__PROBLEM TO WORK ON__: Transcribe every line of the material below without change, apart from dropping the pictures.

──────── COLLECTED DATA ────────

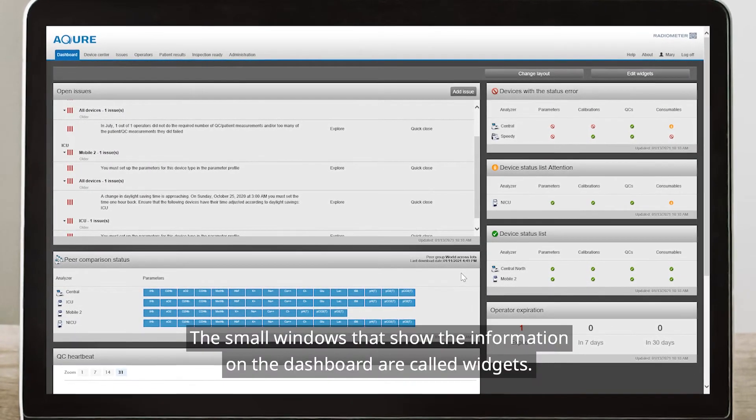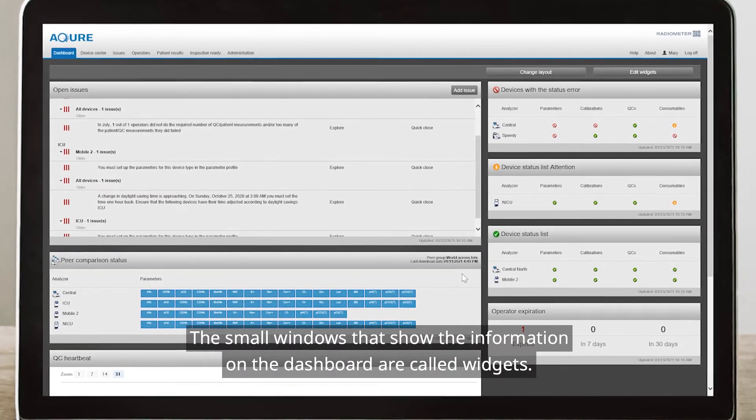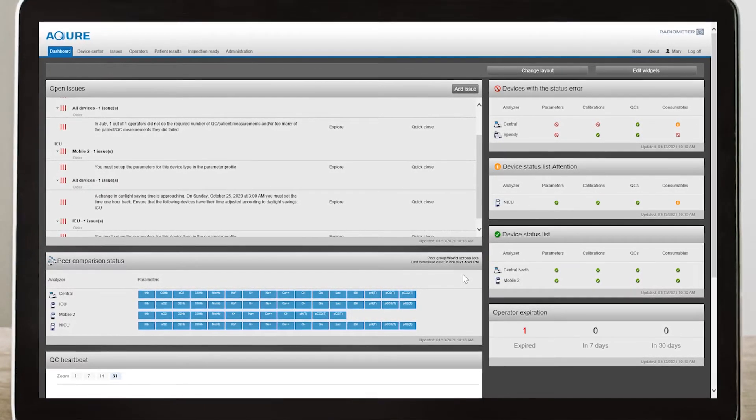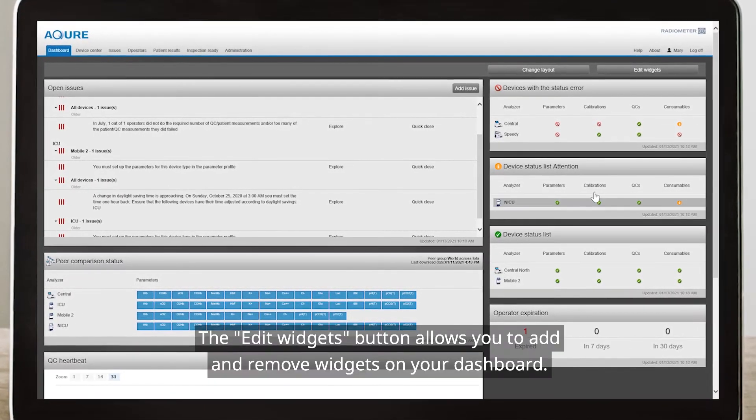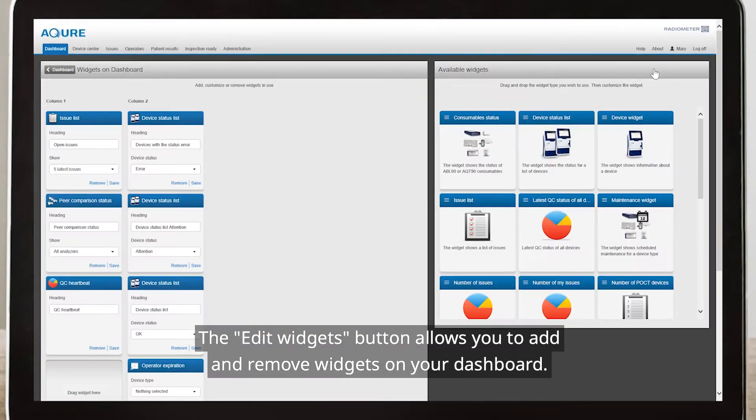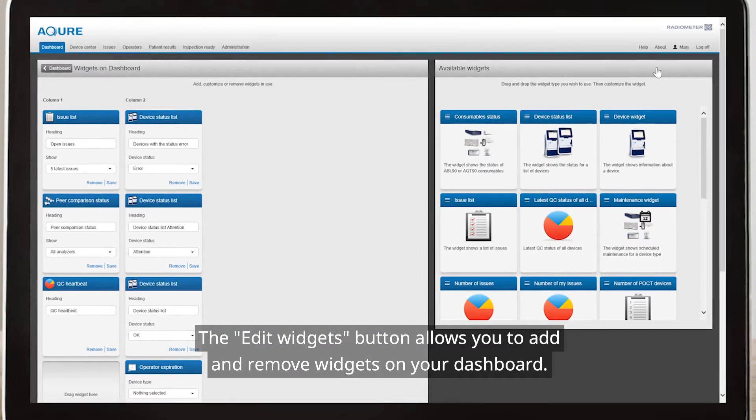The small windows that show the information on the dashboard are called widgets. The Edit Widgets button allows you to add and remove widgets on your dashboard.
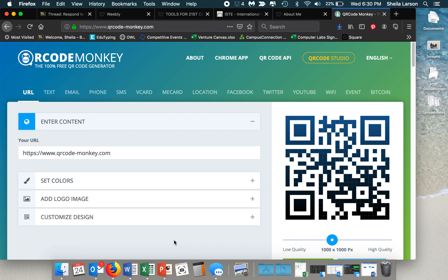I came across this QR Code Monkey. It is a QR code generator and I've used other QR code generators before, but this one is by far and away the coolest one that I have seen and there's also a lot of great capabilities.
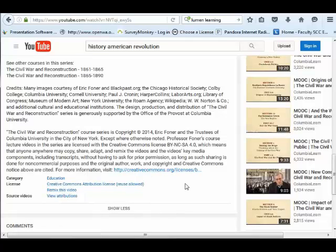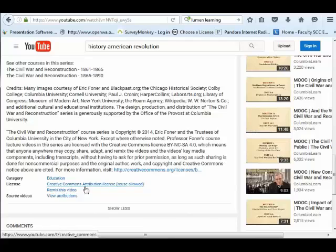Basically, what this means is you have the ability to use whatever tools you need to download this video. You could put this video on your own web page and keep it forever, so that if for some reason they decided they wanted to change it so that you would have to pay to watch it, you would still have access to it and still be able to provide that free access to other people, because you have the right to redistribute it under a Creative Commons attribution license.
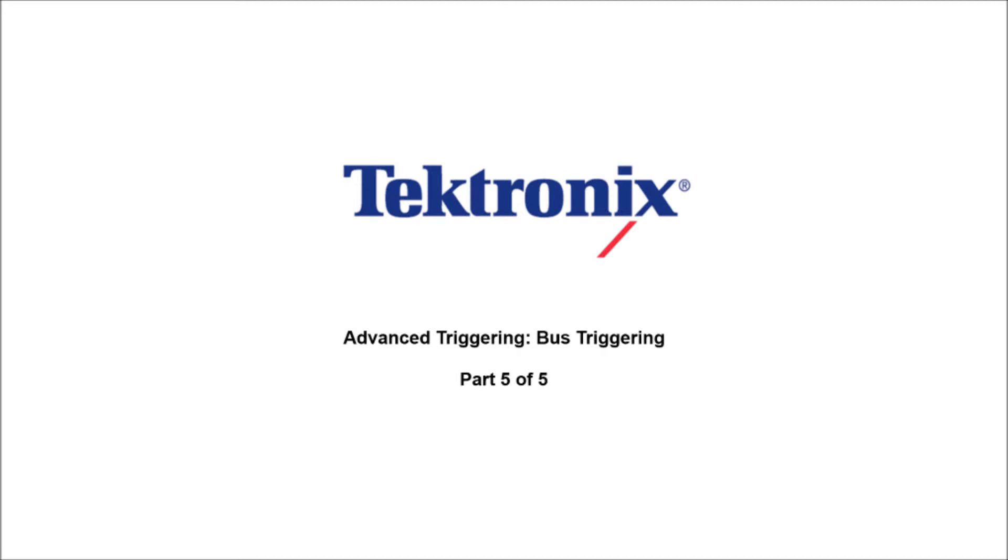Hello and welcome to Tektronix. Today we are going to talk about Advanced Triggering Part 5 of a 5-video series, covering bus triggering.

────────

__RESULT__:
The small windows that show the information on the dashboard are called widgets. The Edit Widgets button allows you to add and remove widgets on your dashboard.
I came across this QR Code Monkey. It is a QR code generator and I've used other QR code generators before, but this one is by far and away the coolest one that I have seen and there's also a lot of great capabilities.
Basically, what this means is you have the ability to use whatever tools you need to download this video. You could put this video on your own web page and keep it forever, so that if for some reason they decided they wanted to change it so that you would have to pay to watch it, you would still have access to it and still be able to provide that free access to other people, because you have the right to redistribute it under a Creative Commons attribution license.
Hello and welcome to Tektronix. Today we are going to talk about Advanced Triggering Part 5 of a 5-video series, covering bus triggering.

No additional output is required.